A function $f : \{ −1,1\}^n \to \{ −1,1\}$ is a k-junta if it depends on at most $k$ of its variables. We consider the problem of tolerant testing of $k$-juntas, where the testing algorithm must accept any function that is $\epsilon$-close to some $k$-junta and reject any function that is $\epsilon'$-far from every $k'$-junta for some $\epsilon' = O(\epsilon)$ and $k' = O(k)$.
Our first result is an algorithm that solves this problem with query complexity polynomial in $k$ and $1/\epsilon$. This result is obtained via a new polynomial-time approximation algorithm for submodular function minimization (SFM) under large cardinality constraints, which holds even when only given an approximate oracle access to the function.
Our second result considers the case where $k' = k$. We show how to obtain a smooth tradeoff between the amount of tolerance and the query complexity in this setting. Specifically, we design an algorithm that, given $\rho \in (0,1)$, accepts any function that is $\epsilon \rho/16$-close to some $k$-junta and rejects any function that is $\epsilon$-far from every $k$-junta.
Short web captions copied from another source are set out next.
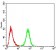 ULK2 Primary Antibody MP30952 [M2H4B8]
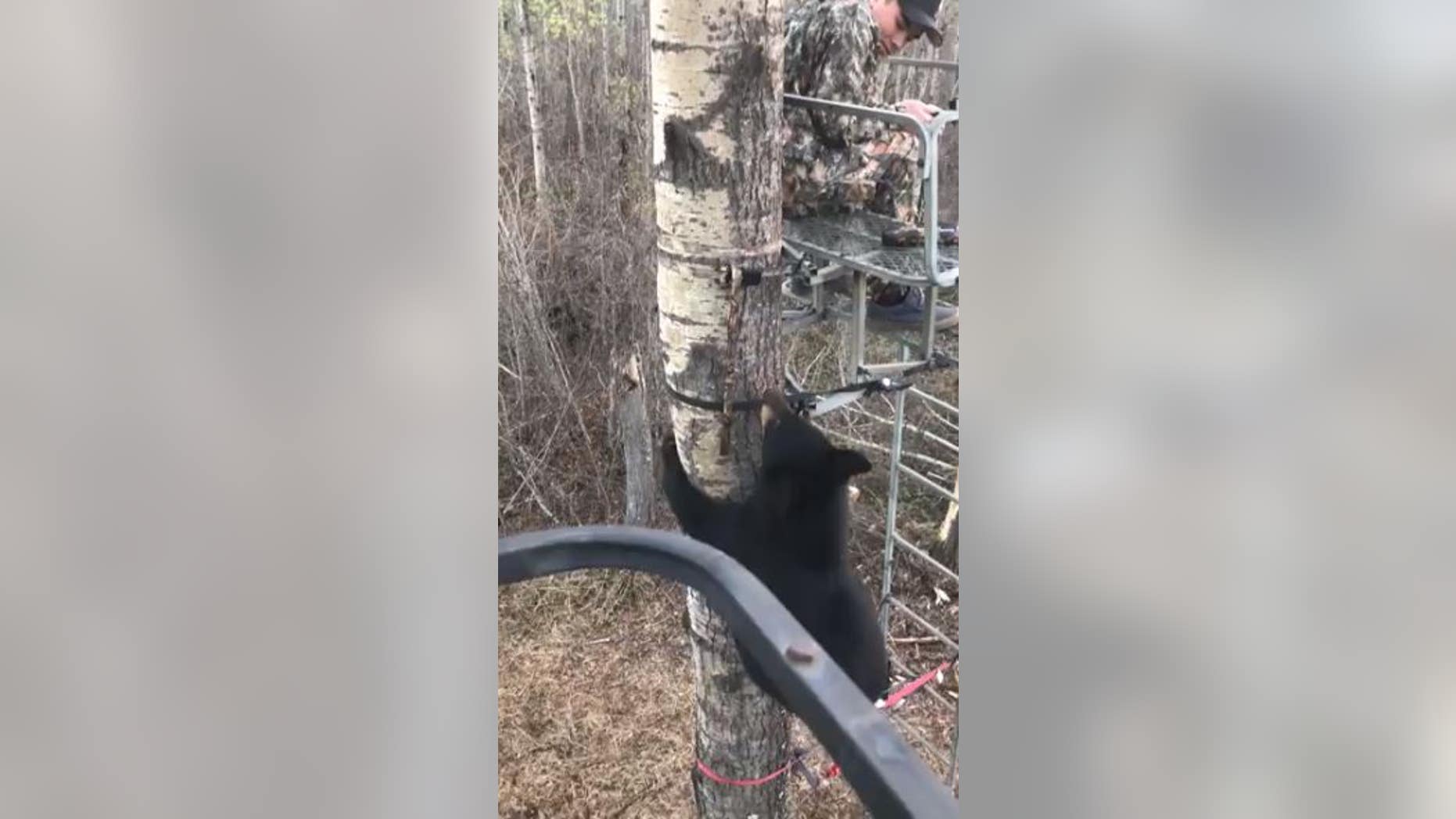 A video has gone viral of a teenager keeping his composure while a curious cub climbs up to investigate.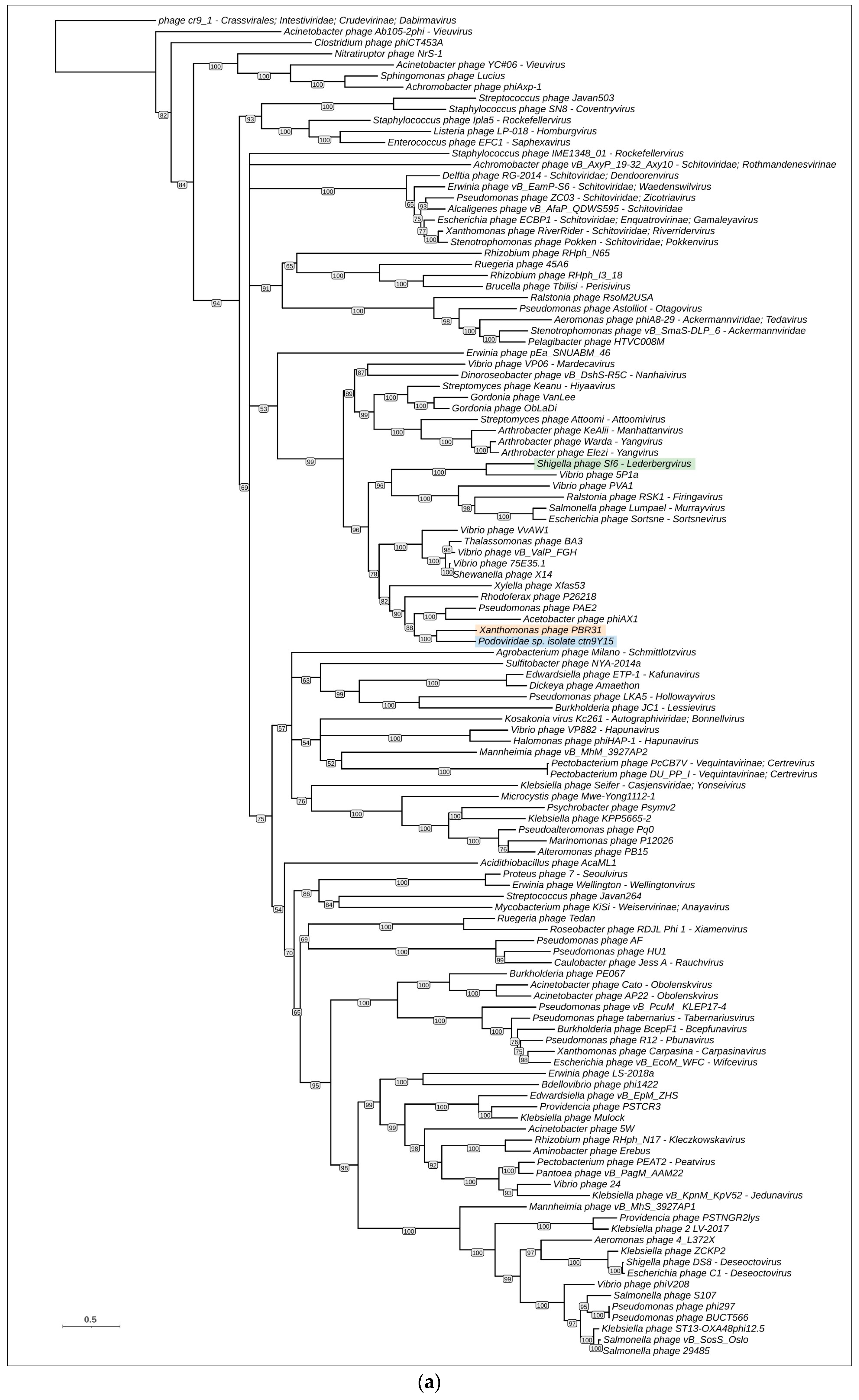 Viruses 16 00406 g006a Viruses 16 00406 g006a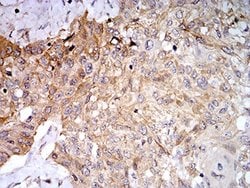 Invitrogen PLD2 Monoclonal Antibody (7E4D9) 100 &mu;L; Unconjugated:Antibodies,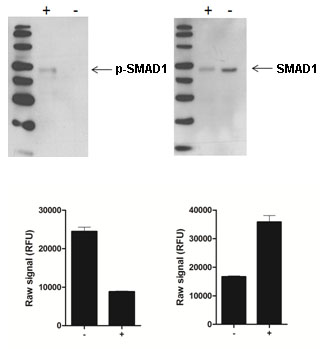 Using the SMAD1 assay kits or Western blot, SMAD1 phosphorylation at Ser463/465 is detected in BMP4-treated C2C12 cells (+), compared with C2C12 cells treated with 50 µM dorsomorphin (-). Upon phosphorylation, SMAD1 levels decrease as SMAD1 becomes ubiquitinated.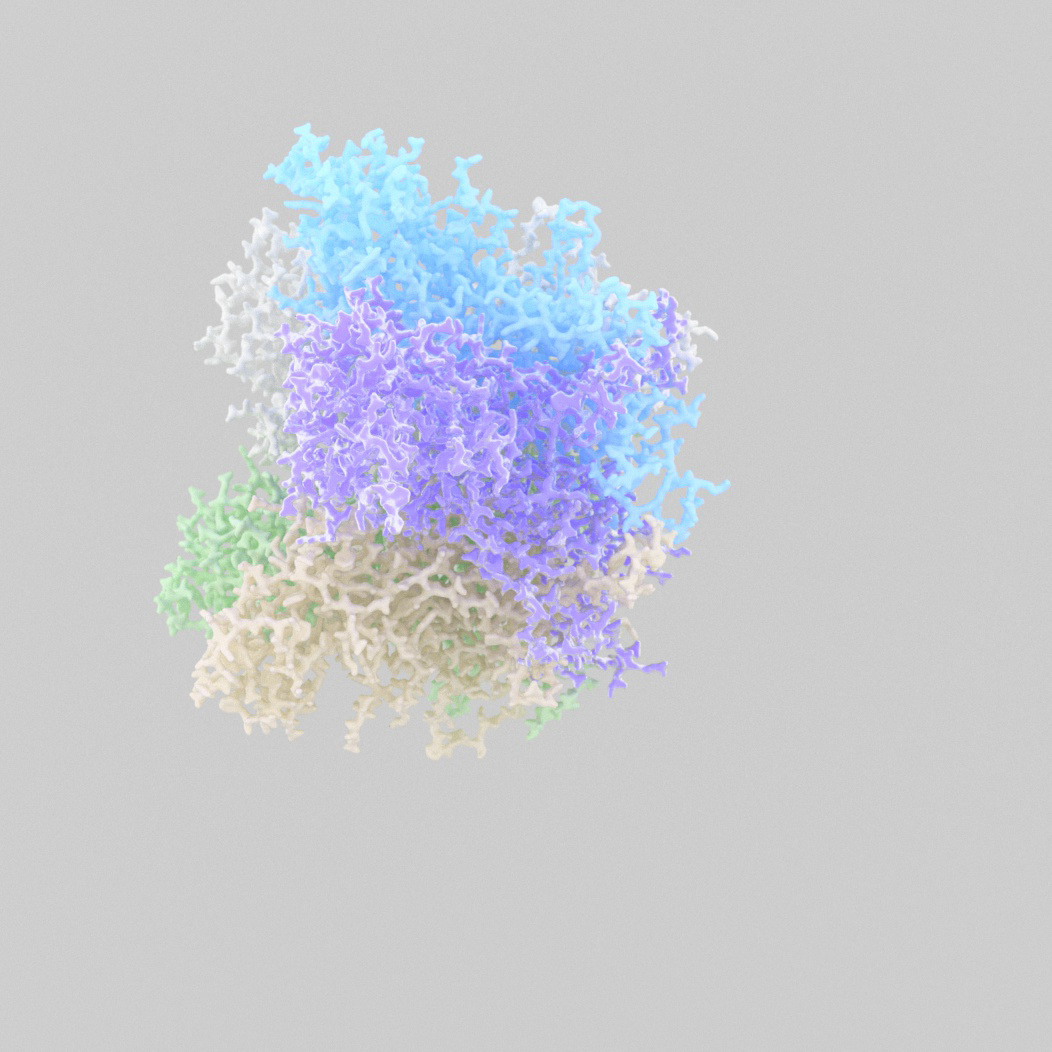 Pappillomavirus capsid (5W10)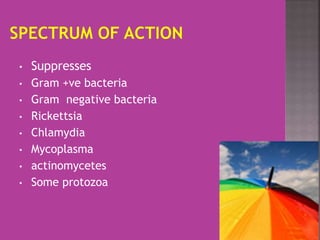 • Suppresses
• Gram +ve bacteria
• Gram negative bacteria
• Rickettsia
• Chlamydia
• Mycoplasma
• actinomycetes
• Some protozoa
 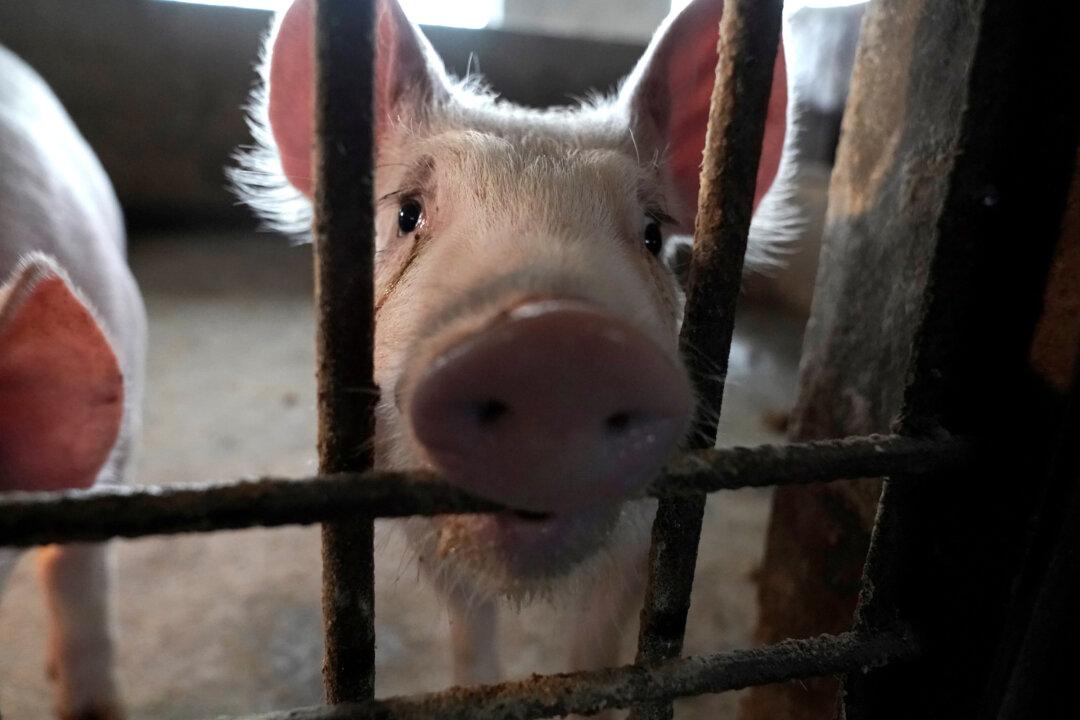 Before Coronavirus, China Bungled Swine Epidemic With Secrecy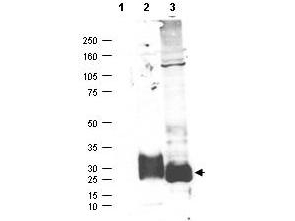 Anti-MAGP-2 Antibody - Western Blot. Western blot of affinity purified anti-MAGP-2 antibody shows detection (arrowhead) of secreted MAGP-2 (lane 2) and MAGP-2 present in a MAGP-2 transfected HEK293 lysate (lane 3). No staining is detected in supernatants from non-transfected cells (lane 1). After SDS-PAGE and transfer, the membrane was probed with the primary antibody diluted to 1:100 in TBST with 5% BSA overnight at 4C. Personal Communication, Micheal Birrer, CCR-NCI, Bethesda, MD.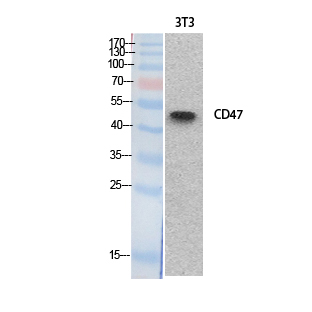 CD47 Antibody - Western Blot analysis of extracts from NIH-3T3 cells using CD47 Antibody.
The query complexity of the algorithm is $O (\frac{k \log k}{\epsilon \rho (1-\rho)^k})$.
Finally, we show how to apply the second result to the problem of tolerant isomorphism testing between two unknown Boolean functions $f$ and $g$. We give an algorithm for this problem whose query complexity only depends on the (unknown) smallest $k$ such that either $f$ or $g$ is close to being a $k$-junta.